The organization and architecture of cells must be precisely regulated to enable tissues to develop, function, and regenerate. While most people are familiar with cell division, in which one cell splits to generate two daughter cells, biology also employs a strikingly opposite strategy: cell–cell fusion.

During cell–cell fusion, two individual cells combine their membranes and cytoplasm to form a single multinucleated cell. This process plays essential roles in diverse physiological and pathological contexts, including fertilization (egg–sperm fusion), placenta formation (trophoblast fusion), skeletal muscle development and regeneration (myoblast fusion), immune response (macrophage fusion), bone remodeling (osteoclast fusion), viral transmission (such as SARS-CoV-2 spreads) and cancer progression (cancer cell–macrophage fusion). 

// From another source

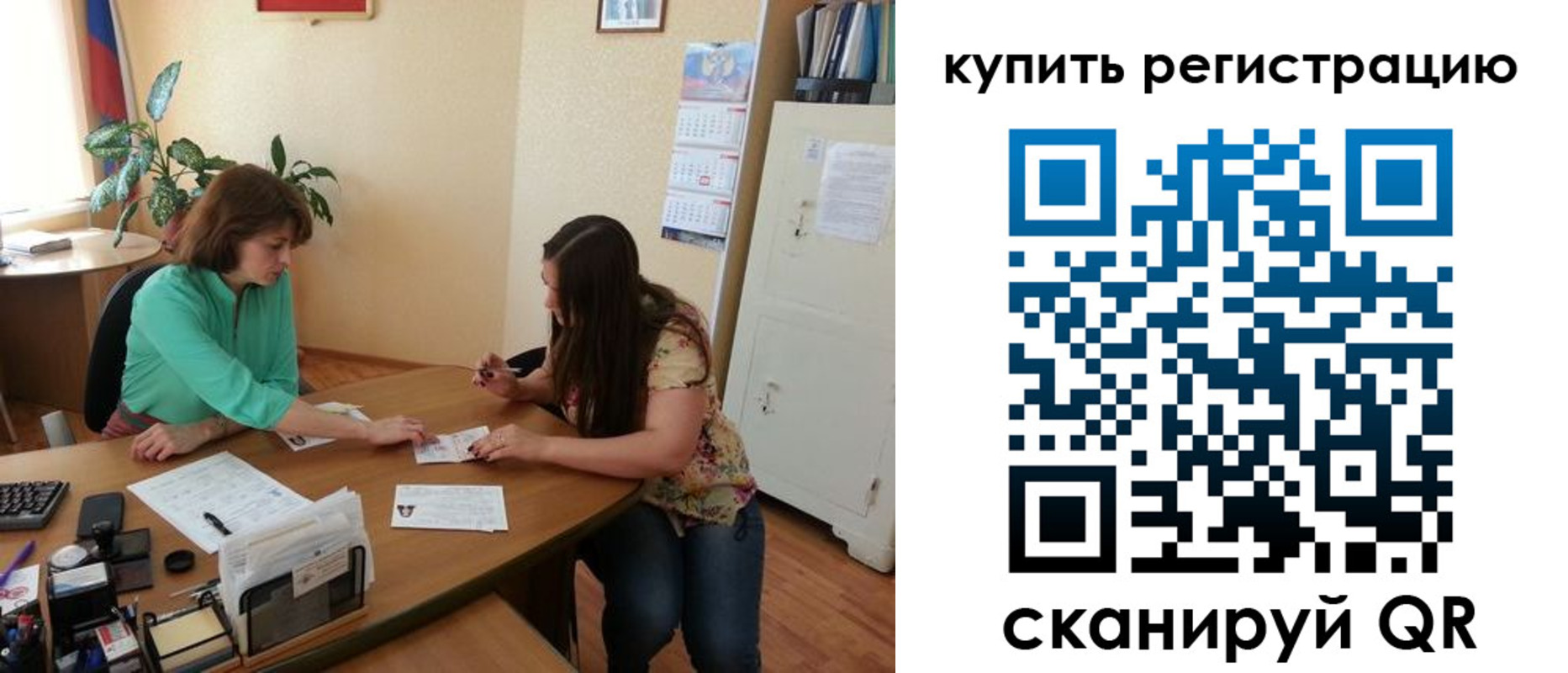 регистрация для школы в Тавде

Using skeletal muscle as our primary model system, we seek to understand the mechanisms that allow cells to overcome the energetic and structural barriers to merge their plasma membranes, and transition into functional syncytia

To do so, we use a multidisciplinary approach including:

  • Advanced microscopies: high-resolution live-cell imaging, super-resolution microscopy and electron microscopy
  • Cell biology
  • Biochemistry
  • Mouse genetics

 

Current Research

Our current research centers on the following directions:

  • Metabolic control of cell–cell fusion: fueling membrane merger

Cell–cell fusion is a metabolically demanding process. To merge two distinct plasma membranes into one, the fusion machinery requires substantial energy and biosynthetic inputs to support the extensive remodeling of actin networks, the activation of fusogens, and the membrane lipid mixing. We are particularly interested in understanding the energy provisioning mechanisms that fuel the fusion machinery. This work will not only provide a roadmap for how metabolic circuits are wired to support the energetically demanding process of cell–cell fusion, but also establish a new paradigm in which temporally and spatially organized metabolism drives morphogenetic behaviors across diverse biological systems during tissue development, homeostasis, and disease. 

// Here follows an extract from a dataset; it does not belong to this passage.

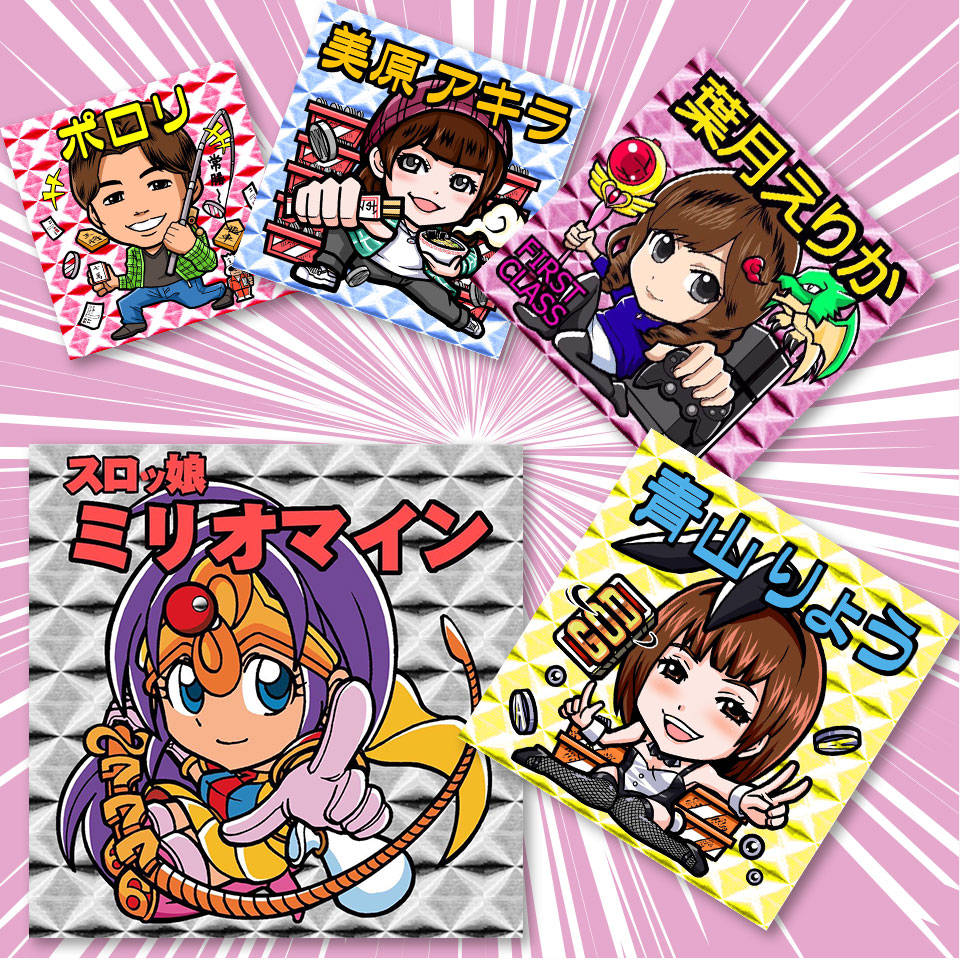 キャラクターシール作成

  • Fusion brakes: restricting and fine-tuning cell–cell fusion

While cell–cell fusion is essential for normal development and regeneration, ectopic fusion can have pathological consequences. Despite these implications, the field has largely focused on pro-fusion mechanisms. We seek to identify the endogenous inhibitors that restrict or fine-tune cell fusion. This project will help us understand how cells limit membrane merger in physiological and pathological contexts and open the door to therapeutic targets for diseases driven by excessive or misdirected membrane fusion.

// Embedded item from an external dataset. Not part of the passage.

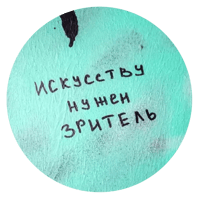 sticker image #14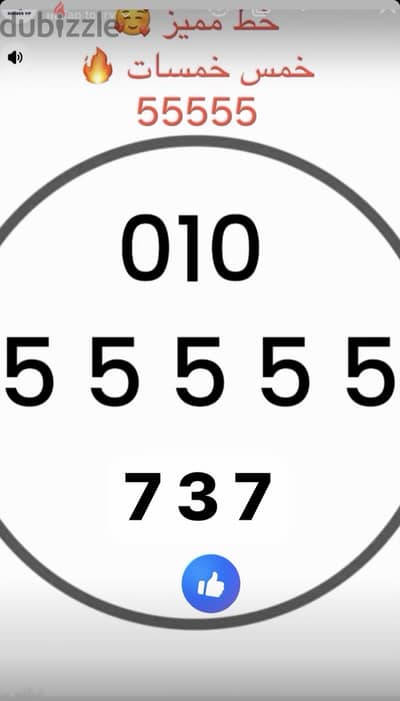 010-5-5-5-5-5-737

  • Post-fusion integration: building functional syncytia

After membrane merger, cells must reorganize their internal architecture to form a functional syncytium. How two previously independent cells integrate their cytoplasmic contents and subcellular systems to establish a coordinated and functional cellular unit remains poorly understood. We are interested in understanding how organelles and cytoskeletal systems from two fusion partners integrate following fusion pore expansion. These events are essential for establishing coordinated metabolism, intracellular transport, and signaling within the newly formed syncytium. By dissecting the mechanisms that govern post-fusion integration, we aim to uncover fundamental principles by which cells reorganize their internal architecture to build functional tissues.